Turtle Island is Gary Snyder’s volume of thematically related verse which earned him the Pulitzer Prize for Poetry in 1974 and is considered by many the zenith of his career. After publishing half a dozen volumes that barely managed even to qualify for the term modest success, Snyder seemed to disappear off the poetry map completely. Five years later he returned with a vengeance with Turtle Island, making a mark not just by literary standards, but by takling political issues on the fringe of society that today stand front and center in the mainstream discourse around the globe.
Initial reaction did not bode well as some of the reviews remarked that while Snyder’s master of the language was undeniable, his handling of his broad subject matter was too introspective and limited. Many of the poems had been published individually before being collected into the thematically rich Turtle Island and most of the publications that chose to publish his works were decidedly left of center, some even more than verging into outright early 70’s hippie territory. Issues related to ecology, environmentalist and the rights of the Native Americans were, of course, still primarily relegated to the political outskirts of such ideological concerns at the time.

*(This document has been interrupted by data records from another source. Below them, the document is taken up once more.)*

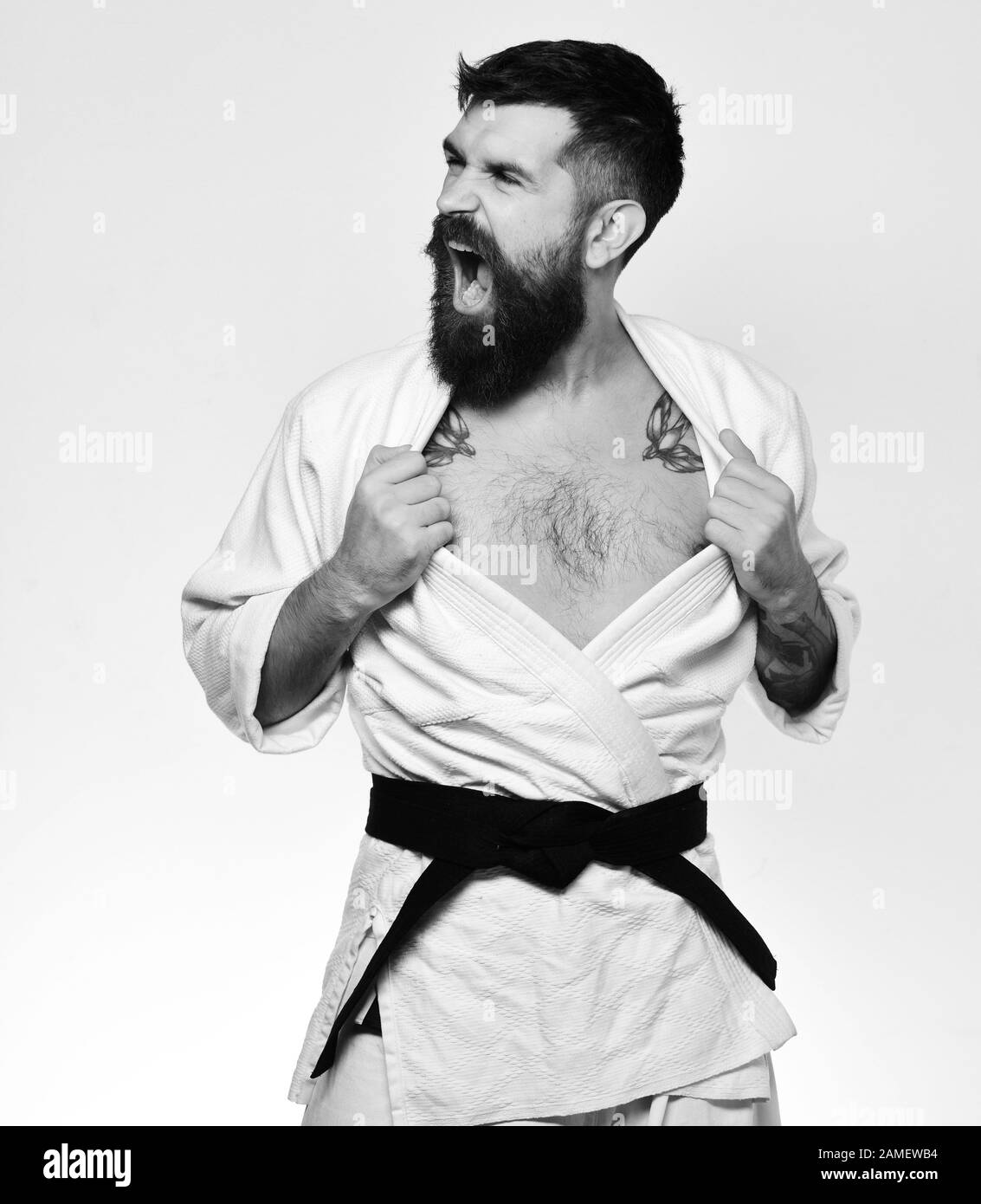 Japanese martial arts concept. Man with beard in white kimono on white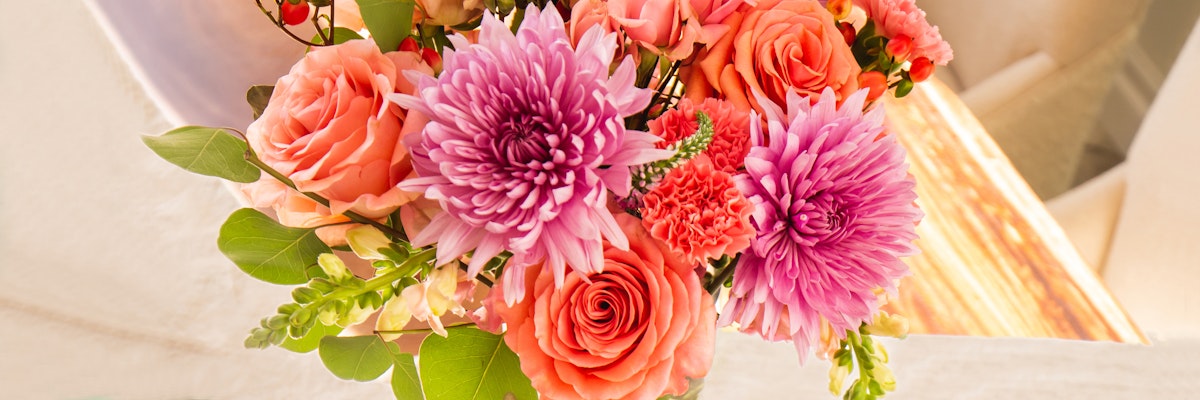 Vibrant floral arrangement featuring pink chrysanthemums and peach roses in a charming bouquet.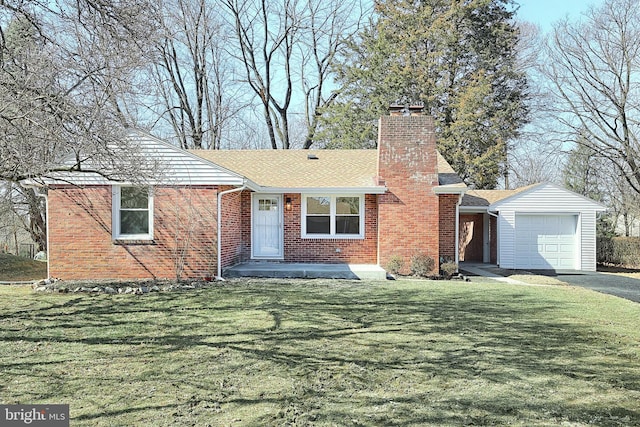 single story home with driveway, brick siding, a chimney, an attached garage, and a front yard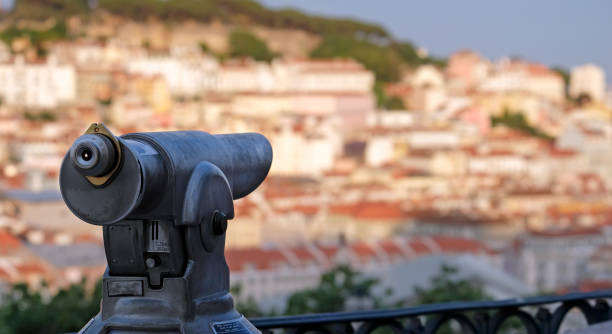 istock Viewpoint in Lisbon with selective focus on a telescope 1511237152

Most of the poems that are found in Turtle Island were written during the turbulent counterrevolutionary period of the 60s and 70s, but they were also written during a 12 year period of self-exile in Japan. As a result, the volume is a curious glimpse into the world of ecological and environment politics made local and personal as result of Snyder’s application of them to aspects of his daily style tempered with a healthy dozen of Zen Buddhist philosophy and all a good two decades or so before such a commingling of interests became commodified for sale to poseurs.
A serious of essays included along with the poetry lays out the basic foundation of Snyder's own ideology: if the planet is to survive and continue being a health place to live, all natural inhabitants must be allowed to take part, including "the creeping people, and the standing people, and the flying people, and the swimming people."
Turtle Island’s collection of poetry and prose represents the real deal before so much of what it touches upon became fodder for fads and repackaged for resell to those standing in line at Starbucks.